China has begun buying brand new plastic to replace all the recycled scrap — and that’s great news for U.S. chemical makers such as DowDuPont Inc., which are rushing to find markets for millions of tons of new production amid an industry investment binge. U.S. exports of one common plastic are expected to quintuple by 2020.

“It’s a good time to be bringing on some new assets,” Mark Lashier, Chief Executive Officer of Chevron Phillips Chemical Co., said in an interview last month as he marked the opening of two polyethylene plants in Old Ocean, Texas. “If you pull recycled plastic out, that market demand is going to increase.”

China is undoing decades of effort that built a massive scrap recycling industry — the cheapest way to produce plastic products for its growing economy.
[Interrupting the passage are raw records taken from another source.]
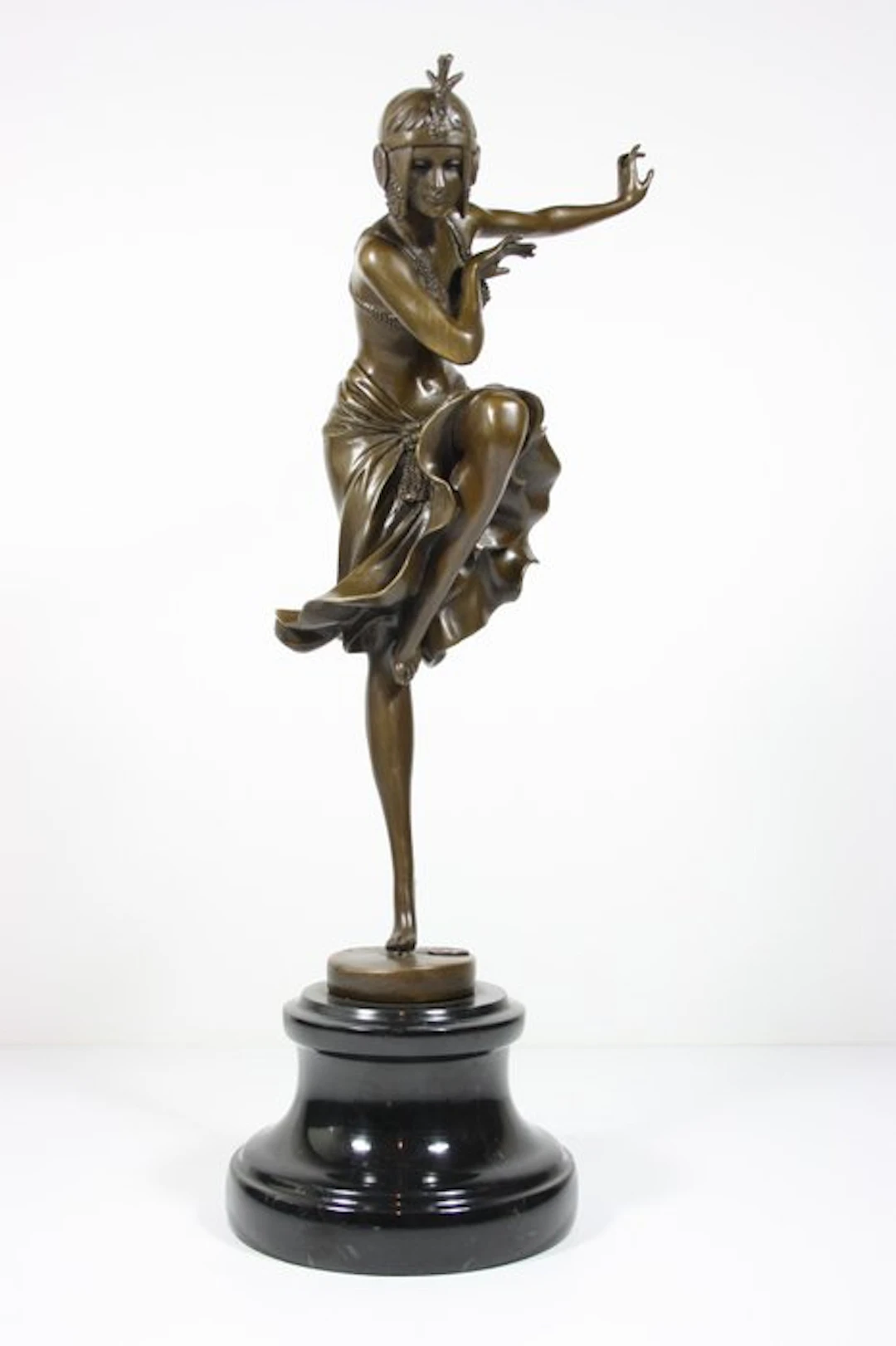 D.H. Chiparus (1886 - 1947) - after - Sculpture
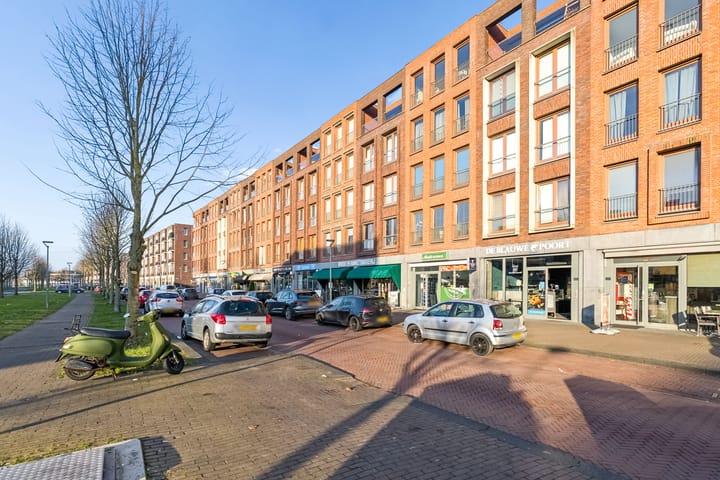 Foto 37 van San Marinostraat 25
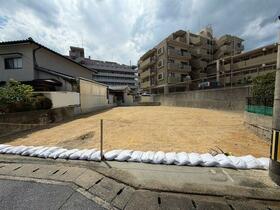 福岡県福岡市南区老司１丁目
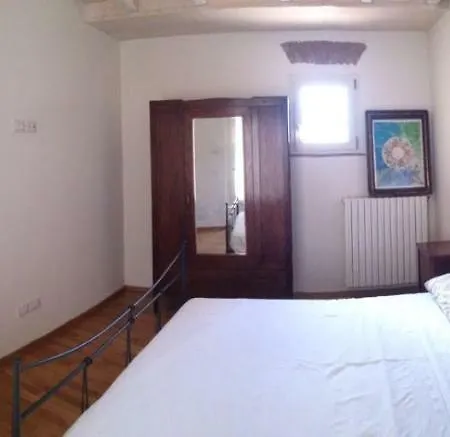 Casa Del Nespolo B&B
The country accounted for 51 percent of the world’s plastic scrap imports last year, with the biggest contribution coming from the U.S., according to the Institute of Scrap Recycling Industries, an international trade group.

Supply Shift

Now China is changing course, telling the World Trade Organization in July that it will stop accepting imports of used plastics and paper by Jan. 1 as the nation takes steps to clean up its industrial pollution. The China ban could shift about 2 percent of global polyethylene plastics supply from recycled to new material, Vincent Andrews, an analyst at Morgan Stanley, said in a Nov. 30 report. The country has already halved its purchases of scrap polyethylene from a 2014 peak, he said.
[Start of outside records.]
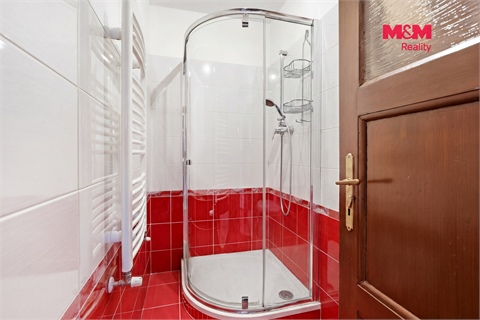 Prodej rodinného domu, 266 m² - 10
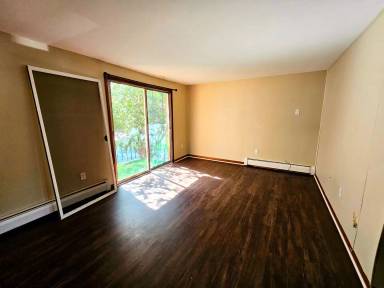 Main picture of 358 Robert Dr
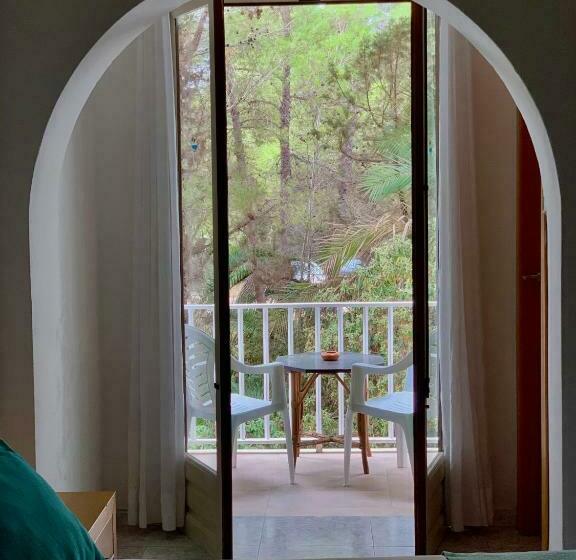 غرفة قياسية مزوَّدة بشُرفة, Tagomago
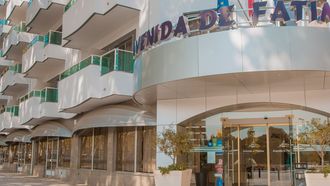Fachada del hotel que sufri� un incendio en la madrugada del lunes.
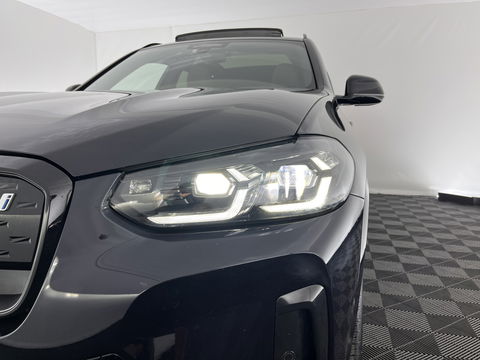 BMW iX3 High Executive Shadow-line-Plus-Pack 80 kWh [ 3-Fase ] (INCL-BTW) *PANO | LUXURY-LEATHER | FULL-LED | MEMORY-PACK | HEAD-UP | ADAPTIVE-CRUISE | TOPVIEW | HARMAN/KARDON-AUDIO | BLIND-SPOT | SPORT-SEATS | DAB+ | CARPLAY | KEYLESS | 20''ALU*
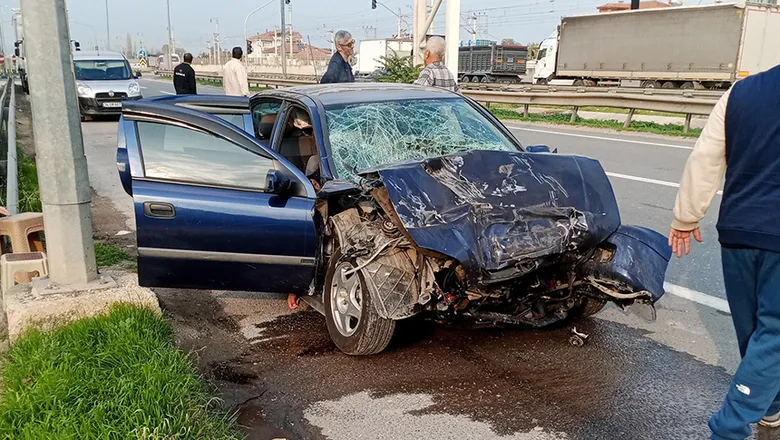 D-650'de ki kazada ağır yaralanan kadın hayatını kaybetti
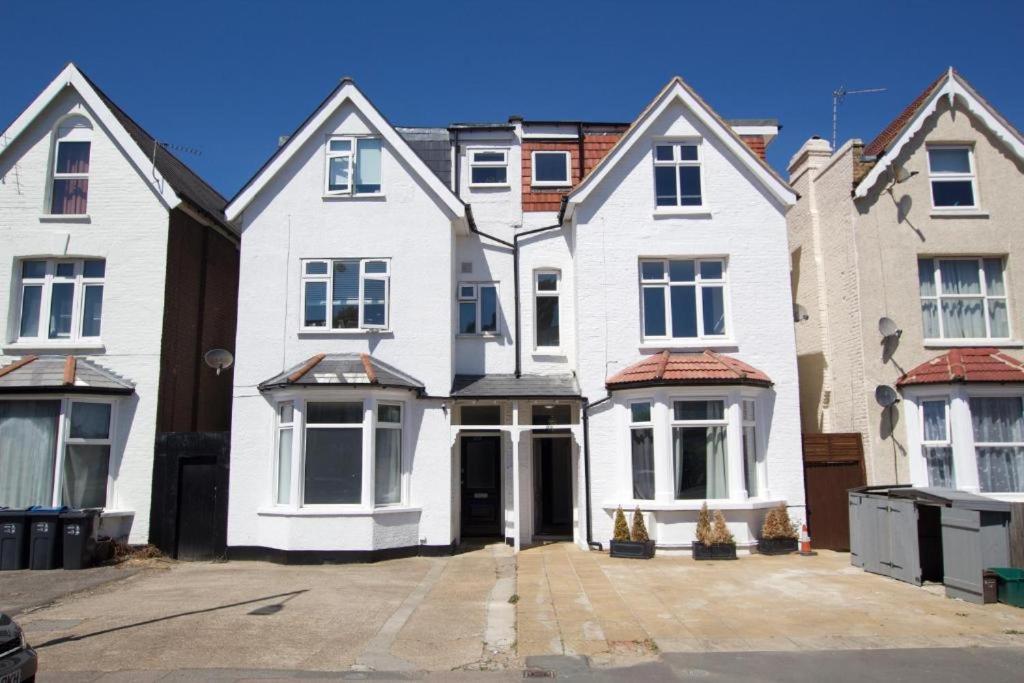 Appartamento Splendid 2 Bed Flat With Private Terrace In Wimbledon - 2 The Queens Londra Esterno foto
The U.S. is the only country in a position to quickly fill the gap, said Jonas Oxgaard, an analyst at Sanford C. Bernstein & Co.
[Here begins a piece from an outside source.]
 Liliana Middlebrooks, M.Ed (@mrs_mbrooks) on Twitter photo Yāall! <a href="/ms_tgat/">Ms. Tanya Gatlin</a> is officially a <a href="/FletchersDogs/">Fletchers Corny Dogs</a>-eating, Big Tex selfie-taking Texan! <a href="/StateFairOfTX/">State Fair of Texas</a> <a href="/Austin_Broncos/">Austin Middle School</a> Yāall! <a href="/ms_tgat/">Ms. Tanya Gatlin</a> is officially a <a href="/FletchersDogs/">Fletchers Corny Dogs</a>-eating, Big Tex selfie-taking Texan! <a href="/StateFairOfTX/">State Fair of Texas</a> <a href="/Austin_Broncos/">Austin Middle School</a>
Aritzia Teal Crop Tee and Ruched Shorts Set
That’s because the U.S. has become the cheapest place in the world to make plastic, thanks to a fracking boom that’s created a glut of natural gas, the main feedstock for manufacturing. Taking advantage of low gas prices, chemical producers have invested an unprecedented $185 billion to build new capacity in the U.S., according to the American Chemistry Council, an industry group.

Natural gas prices at $3.50 per million British thermal units would be about $20 a barrel on an oil equivalent basis, Royal Dutch Shell Plc said during an investor briefing on Oct. 13. West Texas Intermediate crude futures traded at $57.40 a barrel at 5:04 p.m. Singapore time.